Last Year I had a list;
a long list, a looooooong, long list.
I had a plan, a mile high all the way to the Brooklyn Bridge;
I dreamed about it,
I wrote about it and I virtually lived it
until it all went down the drain like soap water;
not the ideas but the dots on the list.
I put them all down in a cleaned, nice looking piece of paper and
one by one I intended to cross them over
but I didn’t.
I curved a pumpkin and put it in a mixer,
I made waves of promises,
sands of charts and sheaf of wheat,
blueprints of rocks
paraphernalia of my own desire
but I never crossed them over.
I envisioned stuff and made my homework,
I danced at my own tunes and rummaged the great Gods.
I dreamed big and big I did,
I did it and did it all that
I was going to do this and shuffle that
I was going to ride the boardwalks,
hang from the chandelier,
drink water from a spoon,
kick some ass and survive.
I was going to be God and miracles I expected
I was going to heaven for Christ sake
but I didn’t.
I didn’t because it got interrupted like always,
it got derailed in a exclamation point;
it got interrupted, thrown in the basket like a cartoon in heat,
discarded like a piece of garbage,
it hit the roof.
It smelled like cinnamon and
it was thick like a twig,
slick like a stick;
it went down before the roasters were up and up before I could sneeze
but I was not discouraged.
I was not broken,
I was not saddened;
I did not get lost or wandered off in the park.

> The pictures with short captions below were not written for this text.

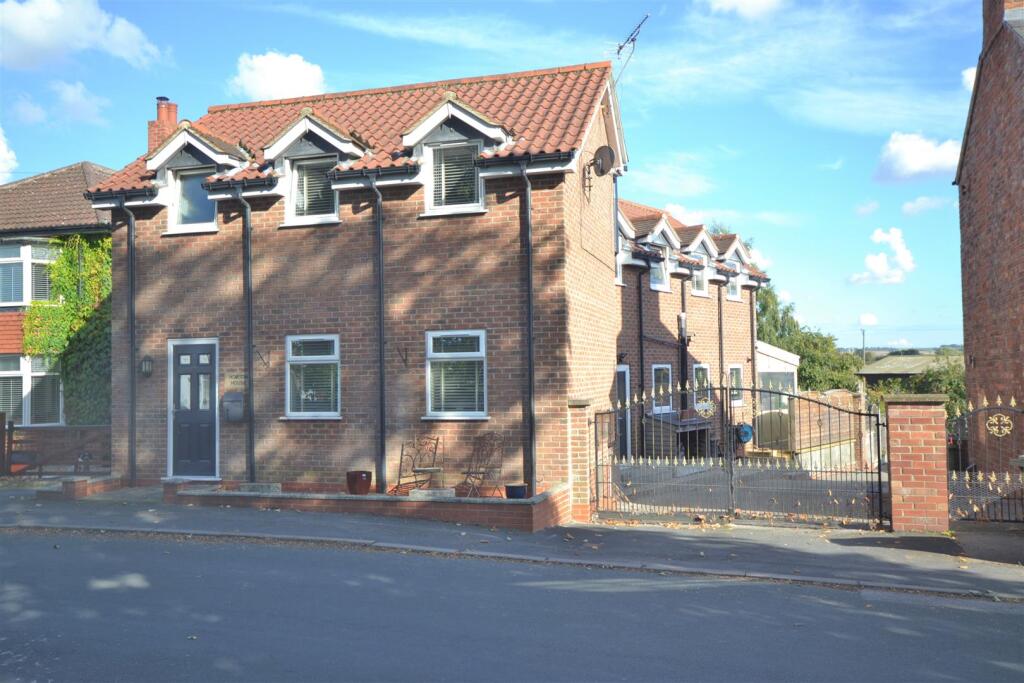 Main image of property: Town Street, Shiptonthorpe, York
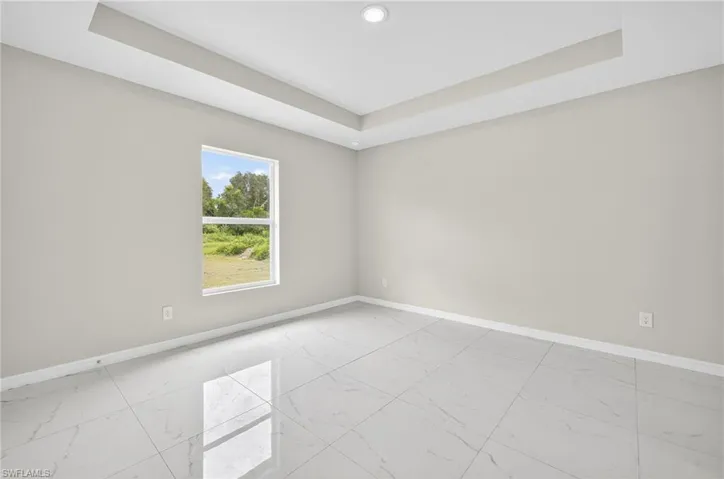 569  Aspen S AVE, Lehigh Acres, FL 33974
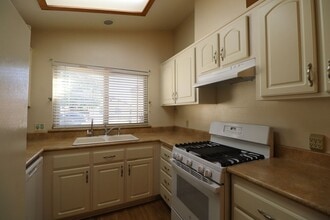 2223 Almond Ln in Santa Maria, CA - Building Photo - Building Photo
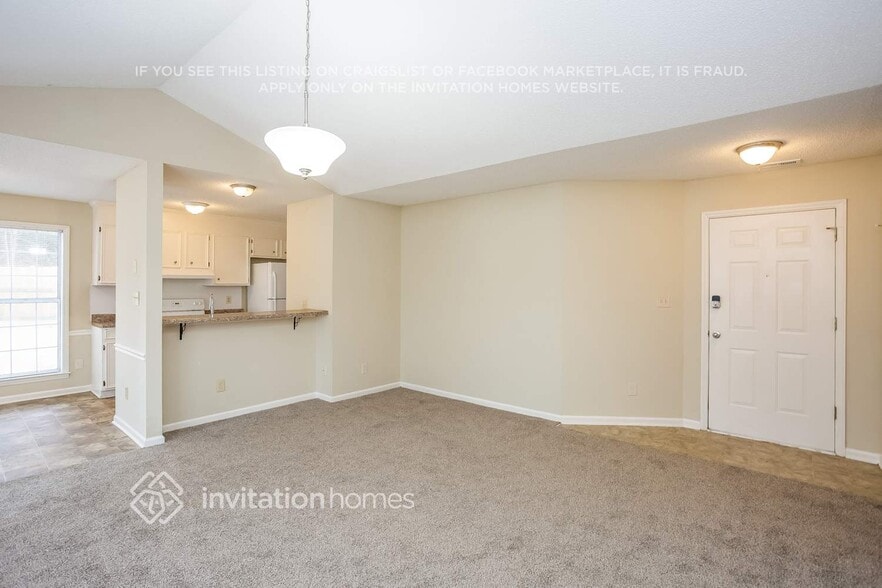 Building Photo - 5014 Alexis Dr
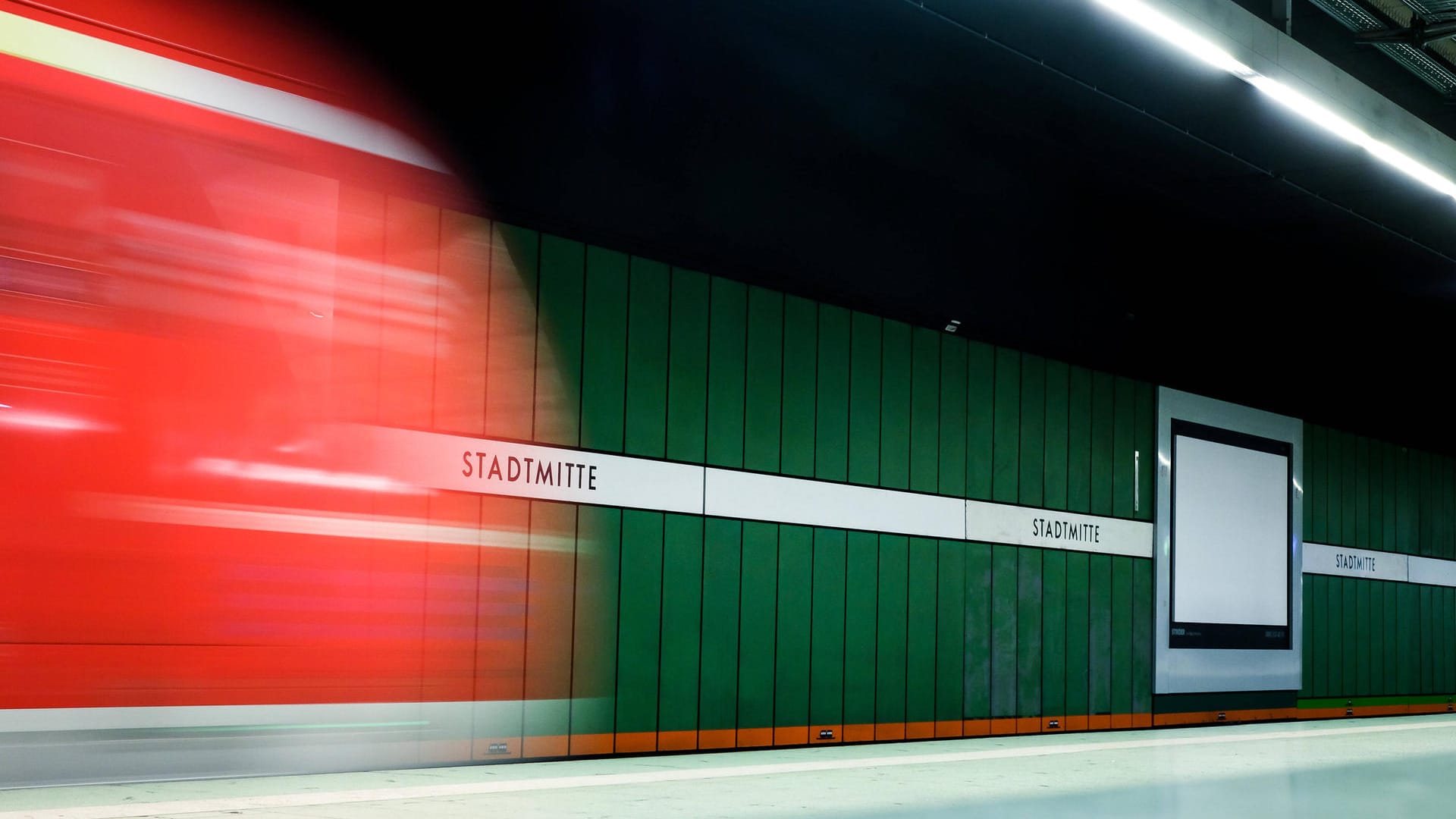 Eine S-Bahn fährt aus der Haltestelle Stadtmitte in Stuttgart aus (Archivbild): Durch einen Kurzschluss hat es einen lauten Knall gegeben. Eine S-Bahn fährt aus der Haltestelle Stadtmitte in Stuttgart aus (Archivbild): Durch einen Kurzschluss hat es einen lauten Knall gegeben.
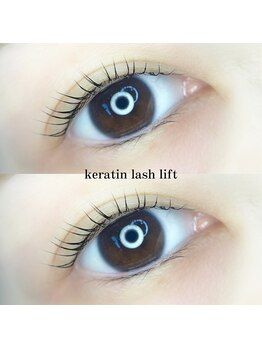 フォーヴリュンヌ(FOVLUNE)/ラッシュリフト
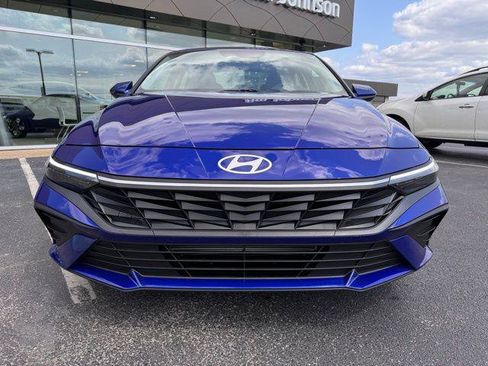 New 2024 Hyundai Elantra SEL image 8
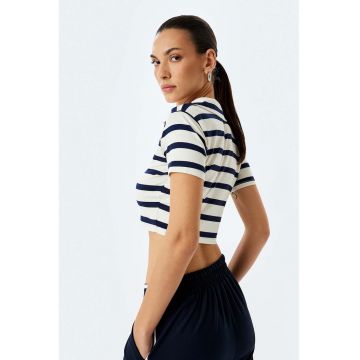 Tricou crop cu dungi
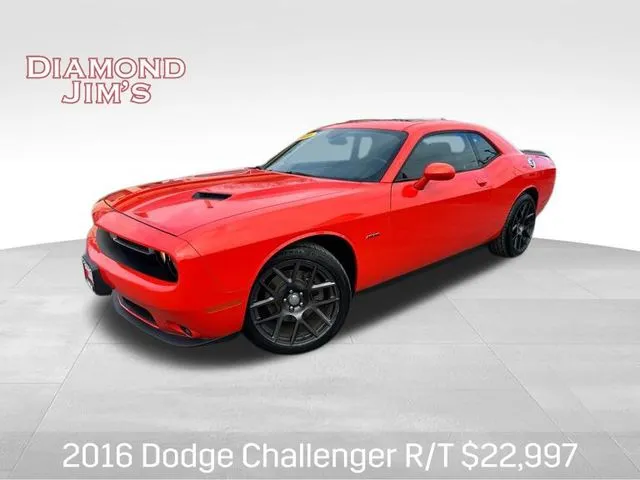 Orange 2016 Dodge Challenger R/T for sale in Milwaukee, WI
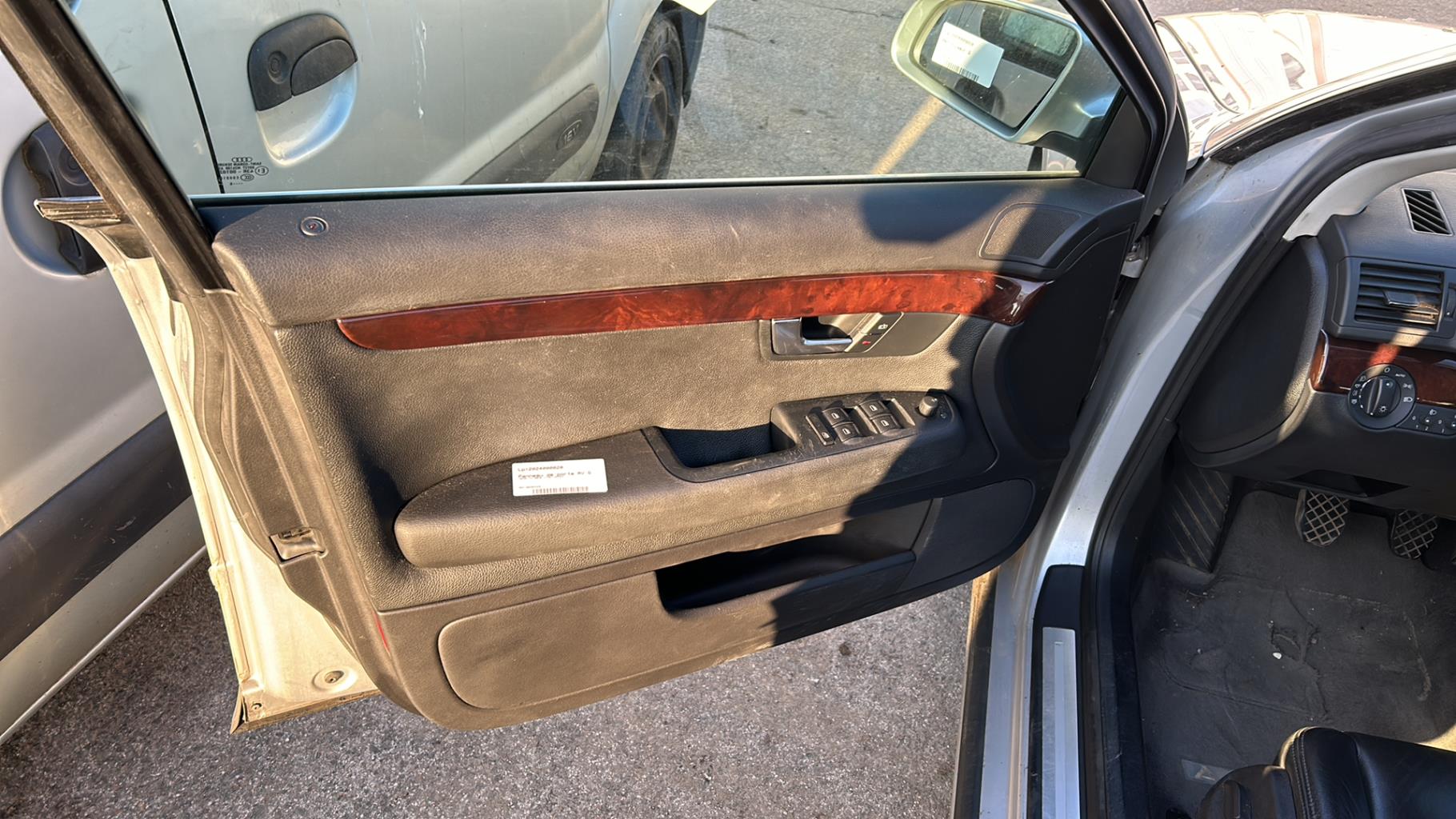 Panel de puerta delantera izquierda AUDI A4 2 PHASE 2 Gasolina - 1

I kept cool and took a sabbatical,
unexpected it was but vibrant and much needed brake,
it gave me.
So this year, I decided not to have one;
I am not making any plans.
I am stopping the madness and am not having a list!
Dog, pig, turkey, potato or any shape or structure it will land,
I decided not to write one down or
dream about one but
to sense one.
I decided to have a pallid pretend list,
vintage checkerboard and crossword puzzles, and
check them down as they come in bundles or whatever way they feel like;
and I will just follow along masqueraded like a mermaid.
It will not be totally vain but a self-indulging atlas with cardball and all.
In 2009 my friend you will be a year older, so what?!
It will not be a headache but a beach, a footnote, the price of a tag.
It will not be a nuisance but a beacon,
a semicolon, a talent of your own trait.
There will be skies of unpredictiveness, hoist of debris,
mountains to toss, pedals to totter but
don’t falter, just keep going;
don’t load whatever into the truck, just wave it off,
keep moving and say thank you.
Don’t be just a man or just a woman,
be a good man and a good woman,
be a better person.
Don’t preach your better sermon, preach your superior sermon;
don’t wait for the sky to fall but reach for the sky – as rhetoric it may sound,
go get it;
don’t bring in the clouds, cross over,
don’t cry a river,
do what your life content and life desire.